About Jerry

I live in Carmichael California with my wife Kristen and three cats. I have two adult children – Haley and Jordan who will always be the best part of me. I have worked for the California Environmental Protection Agency since 1990 – first for the California Integrated Waste Management Board and then for the Air Resources Board. I hope to retire soon to tend to my yard, garden, and house remodeling project.

I was born and raised in San Francisco, attending St. Cecilia’s and St. Ignatius before heading up to the north coast to Humboldt State in 1979. After just a quarter at HSU, I returned to the Bay Area to play baseball at Canada Jr. College in Redwood City. I returned to the City for a year at City College, went up to Santa Rosa JC for a year, then returned to HSU in 1982. I attended University of Montana in Missoula for a year on a student exchange program and the Wildland Fire Fighting Program at Lassen CC, before graduating with a Forestry degree from HSU in 1986. I married Ingrid and started a family in Eureka with the birth of Haley Lynne da Silva Hart who remains, to this day, my favorite daughter.

I worked numerous jobs in Eureka and as a seasonal employee on the timber crew with the US Forest Service in the Mendocino and Modoc National Forests. I returned to HSU to get a Master’s degree in Environmental Education at HSU in 1990. I almost missed the boat when I was offered a job with the California Integrated Waste Management Board but was “out in the woods” and could not be reached after the interview. Fortunately, I was able to get into town to a pay phone in the back of a bar to call in and accept the offer.

Moving to Sacramento in September of 1990was quite a shock and the birth of my favorite son Jordan Gabriel (no Gabe, he is not named after you – nor is he yours!) just about fried the entire system.

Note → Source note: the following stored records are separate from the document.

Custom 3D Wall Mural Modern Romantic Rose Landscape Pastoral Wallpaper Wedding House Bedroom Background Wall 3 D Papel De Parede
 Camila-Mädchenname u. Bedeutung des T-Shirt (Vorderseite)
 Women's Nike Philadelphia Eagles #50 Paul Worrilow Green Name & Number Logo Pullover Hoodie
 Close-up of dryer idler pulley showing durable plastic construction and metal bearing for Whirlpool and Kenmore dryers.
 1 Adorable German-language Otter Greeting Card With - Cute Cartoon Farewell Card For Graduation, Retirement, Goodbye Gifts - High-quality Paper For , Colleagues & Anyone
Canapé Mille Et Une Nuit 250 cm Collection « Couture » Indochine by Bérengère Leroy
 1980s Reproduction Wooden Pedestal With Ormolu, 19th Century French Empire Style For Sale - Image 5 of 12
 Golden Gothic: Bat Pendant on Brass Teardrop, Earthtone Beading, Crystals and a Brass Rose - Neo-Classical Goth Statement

However, great friends and family and many years of success and accomplishment (measured by beers, BBQ’s, parties, and camping trips) helped the early rough patches evolve into a 17 year career at the “Waste Board”. In 2007, I transferred to the California Air Resources Board to work on the Climate Change Program. In 2010, Kristen and I moved to Carmichael and our house of many projects. We have a beautiful yard and deck and look forward to kicking back and enjoying it.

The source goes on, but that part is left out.